Top of MATERIAL PROVIDED

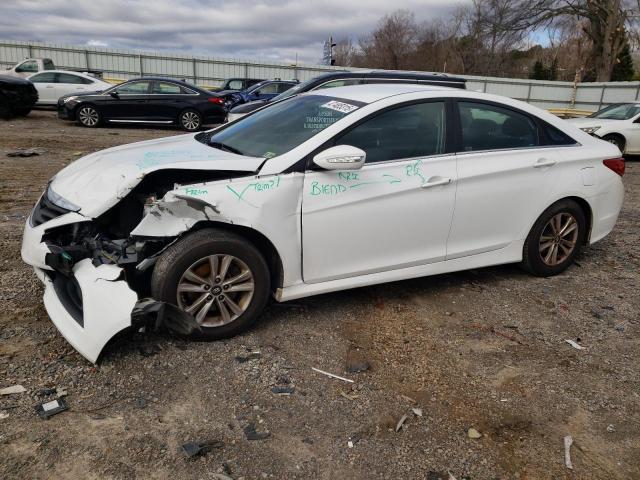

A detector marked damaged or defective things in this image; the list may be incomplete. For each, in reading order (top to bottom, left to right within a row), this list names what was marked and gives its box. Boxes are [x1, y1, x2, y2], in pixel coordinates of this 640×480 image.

crumpled hood [48, 129, 264, 216]
detached front bumper [21, 212, 138, 362]
damaged front end [19, 169, 245, 360]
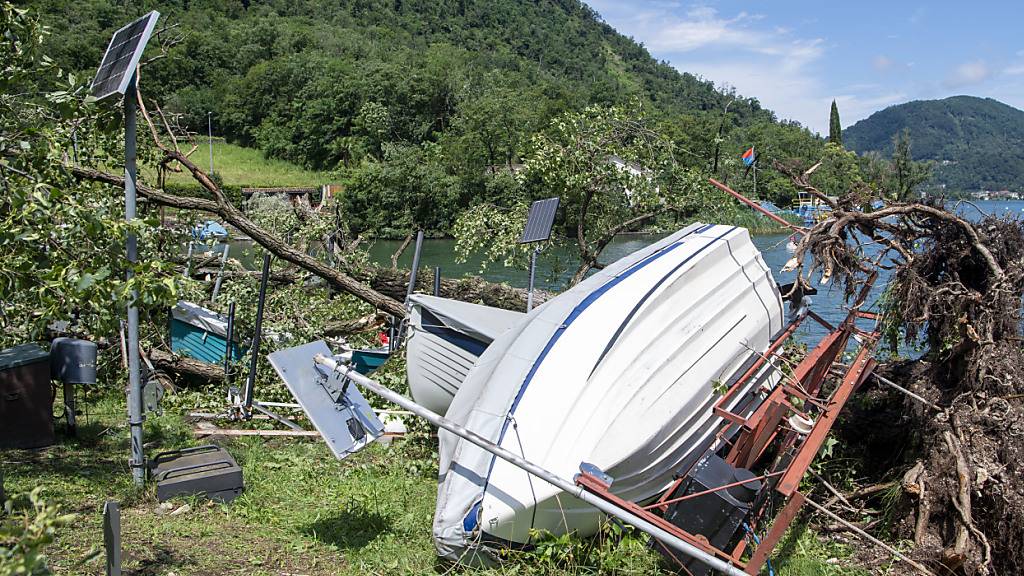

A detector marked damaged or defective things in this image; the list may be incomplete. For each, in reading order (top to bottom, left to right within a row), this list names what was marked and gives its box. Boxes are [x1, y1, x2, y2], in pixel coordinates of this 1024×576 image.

rusty metal rack [576, 276, 880, 576]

Bottom of MATERIAL PROVIDED

WHAT TO DO: Print exactly the lines of the records from the one containing "this 1024×576 image." through the end, and nothing besides them.

WORKED SOLUTION:
A detector marked damaged or defective things in this image; the list may be incomplete. For each, in reading order (top to bottom, left to right within a row), this list names what was marked and gives its box. Boxes are [x1, y1, x2, y2], in pixel coordinates of this 1024×576 image.

rusty metal rack [576, 276, 880, 576]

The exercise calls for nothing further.